Tam geldim siz gitmişsiniz
Ben yokken sohbeti tüketmişsiniz
Masada soğumuş bir fincan kahve
Belli ki beni beklemişsiniz
Kırk yıllık hatırını telvesinde saklamış
Tatlı dost sohbetinde acı kahvem
Anlatacak bir hikayem vardı
Size yetişebilsem
Bir kedi uydu kucağımda
Karnımı doyururken bir pastanede
Uyandırmaya kıyamadım kalkıp da
Siz beni beklerken bir diğerinde
Bugün dostlarımla, bir yerde oturup kahve içip sohbet etmek istedim. Anlaştık. Buluşacaktık. Onlar görüştü ben yetişemedim onlara. Zira bir başka yerde, bir pastanede acıkan karnımı susturmak için durakladım. Bir dişi kedi benden önce gelmiş, bir de pastanenin kedisi oluvermiş mekanda, hiç haberim yok! Tam tıkınırken aceleyle bir şey, bir de çay söyledim yanında içeyim diye. Sonra da kalkıp hızla dostlarıma gidecektim.

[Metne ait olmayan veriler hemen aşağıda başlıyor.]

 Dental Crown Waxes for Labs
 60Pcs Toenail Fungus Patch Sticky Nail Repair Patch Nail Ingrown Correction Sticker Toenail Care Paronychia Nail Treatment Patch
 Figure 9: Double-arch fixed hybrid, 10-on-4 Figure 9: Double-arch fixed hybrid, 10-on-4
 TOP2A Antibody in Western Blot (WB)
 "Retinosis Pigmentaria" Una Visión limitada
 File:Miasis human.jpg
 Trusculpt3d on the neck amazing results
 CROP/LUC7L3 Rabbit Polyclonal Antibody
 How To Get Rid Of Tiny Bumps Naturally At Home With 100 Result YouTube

Pastanenin sahibi bu dişi kedi, geldi kucağıma yattı. Bir de sıcak sormayın. Mır mır uyudu. Çayım bitti. Kalkamadım. Bir çay daha içtim. Uyuyordu. Kalkamadım. En nihayet pastaneci geldi imdadıma durumu anlayınca, her şey başladıktan 1 saat kadar sonra.
Nazlandı, kalktı kucaktan memnuniyetsiz mırıltılarla çıktı gitti. Hesabı ödedim. Bir adı var mı dedim bu cakalı hanım efendinin? Yok! dediler. O bize ad takmış olabilir ama. Kendisi bizden fazla sahiptir bu mekana.
Anladım. İnsanın kedisi yok, kedinin insanı varmış.